Освобождение пришло весной 1827 года. В школу поступил новый преподаватель закона божьего, молодой богослов по имени Берлин, который учился у Мейслинга в школе Метрополитен. Он быстро разобрался в ситуации и, будучи в Копенгагене во время пасхальных каникул, пошел к Коллину и рассказал, какому недостойному и беззастенчивому обращению подвергался Андерсен. Коллин был настолько встревожен рассказом, что решил немедленно забрать Андерсена из школы и взамен учить его частным образом в Копенгагене. Прощание с домом Мейслингов было особенно драматичным и показало человеческую пропасть, которая разделяла мальчика из простой семьи и его интеллектуального наставника. «Я хочу попрощаться с вами, — сказал Андерсен, — и поблагодарить за то хорошее, что вы для меня сделали!» Мейслинг ответил: «Убирайтесь к черту!»

Аттестат Андерсена только с отличными оценками, выданный 28 октября 1828 года

* * *

Пять лет учебы в школе Андерсен всю жизнь вспоминал как мученичество.
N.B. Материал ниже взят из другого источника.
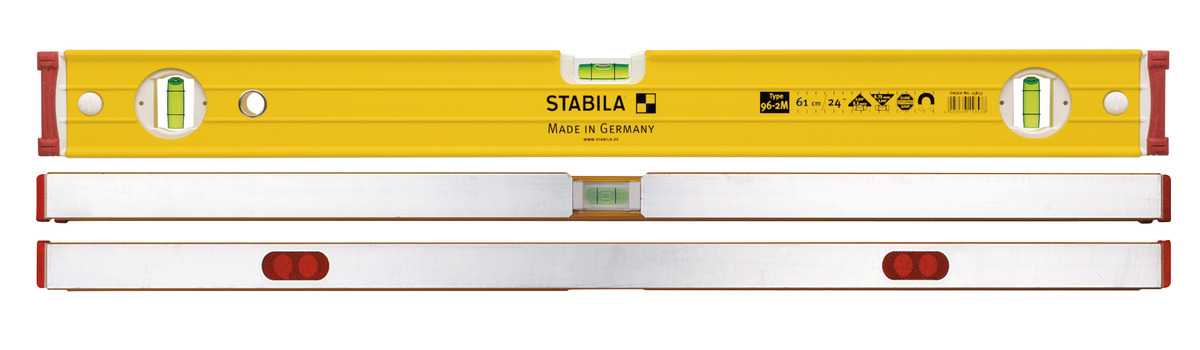 STABILA Magnet-Wasserwaage Type 96-2 M, 200 cm, extrasteifes Alu-Profil, extrastarke Seltenerd-Magnete, 1 Horizontal-/2 Vertikal-Libellen, stoßdämpfende Endkappen, Rutsch-Stopper, Made in Germany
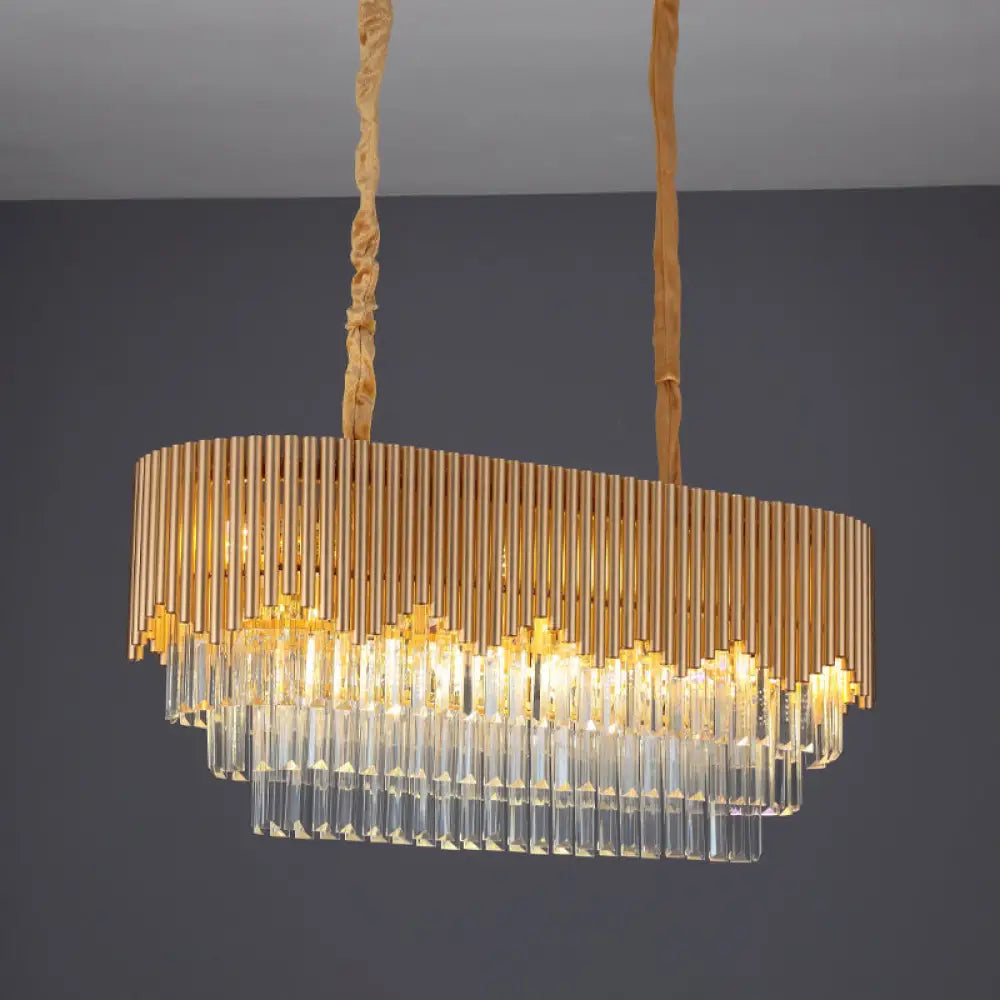 DecorBites™ Contemporary Gold Finish Island Lighting with 8 Bulbs, Faceted Crystal Blocks, and Oval Hanging Design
Выдержал он его только за счет своих благодетелей, которых не хотел разочаровывать, а кроме того, за счет поразительного упорства, с которым он преодолевал все невзгоды и трудности, в надежде, что бог его не оставит. Едва ли школьные годы неизбежно должны были нести такие страдания. На самом деле у него были все данные, чтобы стать хорошим учеником. Хотя у будущего мастера языка отсутствовало грамматико-аналитическое чутье, он был достаточно умен, его усердию и желанию учиться ничто не мешало, а его поведение было выше всяких похвал. Его всегда любили и уважали учителя и он хорошо ладил с товарищами; нет оснований считать, что над ним издевались, хотя кое-кого, возможно, и раздражали его тщеславные фантазии о писательской карьере. Но камнем преткновения оказался Мейслинг. Нужно признать, что для педагога, неискоренимыми принципами которого были дисциплина, порядок, сосредоточенность и дотошность, было, должно быть, нелегким испытанием навязывать их такой богемной натуре, как Андерсен, мало склонной к систематической работе и всегда занятой собой и своими мечтами сделаться великим поэтом. Мейслинг отвечал за то, чтобы его ученики сдали экзамен на аттестат зрелости, это служит некоторым оправданием его строгости, но не меняет того факта, что как учитель он был плохим психологом, а как человек — неотесанным плебеем. Андерсен даже слишком правдиво описал его в своих воспоминаниях, стремясь воздать ему должное более доброжелательно, чем Мейслинг заслуживает. Чего стоил Мейслинг в остальном как ректор, показывает быстрота, с которой он навел порядок в Хельсингёрской школе, как только прибыл туда, но в течение каких-нибудь десяти лет сам же свел все на нет, потому что его необщительность, упрямство и ученое высокомерие рассорило его со всеми: и с учениками, и с их родителями, и с преподавателями. К 1839 году в школе осталось всего три ученика, школу закрыли, и Мейслинга отправили в отставку. Неудивительно, что отношения между ним и Андерсеном сложились неудачно. Однако следует добавить, что в 1837 году при случайной встрече с писателем Мейслинг без оговорок признал, что в школе обходился с ним дурно и что ошибался в нем. Но это было запоздалое признание, и впечатления этих полных отчаяния лет преследовали Андерсена всю жизнь. Даже в старости его мучили кошмары, где главную роль неизменно играл Мейслинг.